We live in one of the very best countries in the world. We have more freedoms and more benefits than almost any other people. Unfortunately, though, a few individuals are more equal than others. In fact, we live in a dictatorship. The cause is our voting system.
It works like this. First-past-the-post allows a minority of the popular vote (39 per cent for example in the last federal election) to result in a huge majority of that party’s members in government. The party leader then chooses a cabinet. That cabinet makes all decisions. Yes cabinet consults the caucus, the other party members on the government side; however, the caucus is “whipped” (told how they must vote). If the members do not obey, they are sent to the farthest backbenches, kicked out of the party, or simply give up in frustration.

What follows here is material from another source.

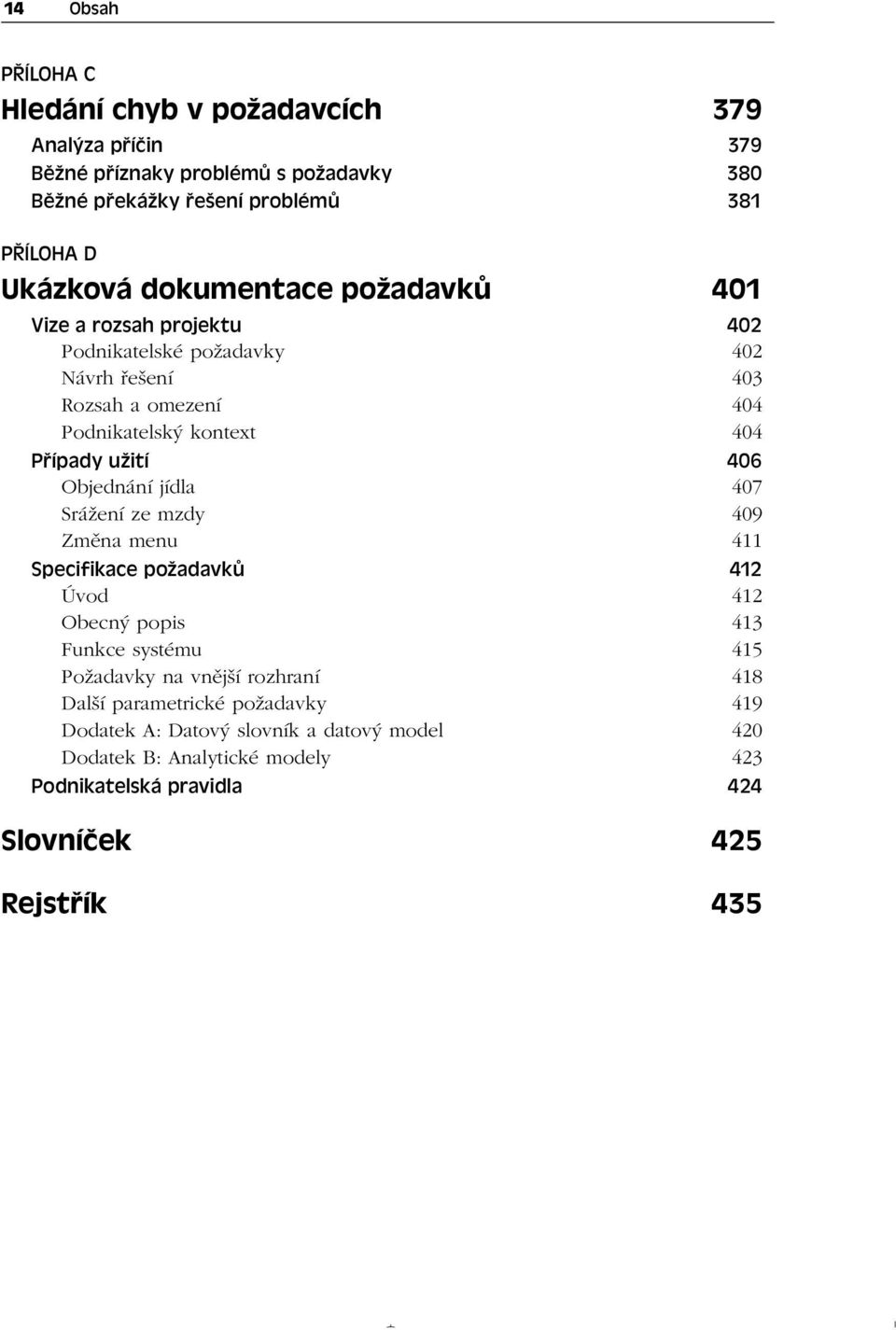 Objednání jídla 407 Srážení ze mzdy 409 Změna menu 411 Specifikace požadavků 412 Úvod 412 Obecný popis 413 Funkce systému 415 Požadavky na vnější rozhraní 418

Government affects every aspect of our personal lives: what we eat and wear; how we buy, sell or own something; how we communicate and travel; how we solve personal and community problems; when and where our children are educated, what they learn; how we are recompensed for wrongs. In sickness and health till death do us part and beyond, the government affects us. Isn’t it time we all had a voice in government?
Proportional representation will give everyone that voice. I am alarmed at the choice of proportional systems and the complex explanations presented by Minister Donaldson. Marjoritarian is arcane and less fair than first-past-the-post. Closed list proportional which allows members to sit in government without being elected has no place in a democracy.
Minister Donaldson might have explained that local proportional or flexible district proportional can be specifically tailored by Elections BC to retain local representation, accountability and geographical balance. No one will lose their MLA but almost all voters would have at least one MLA with their own values. He might have explained that coalition governments are more stable, not less, because more points of view bring innovation and cooperation brings longer term solutions than those made with the next election in mind. Civility and thoughtful debate result when candidates know they may have to work side by side.
No one with power wants to relinquish it. In two-party situations the powerful on both sides want to keep the status quo. It is to be hoped that grassroots British Columbians will see past the rhetoric and choose a modern voting system in which each vote counts.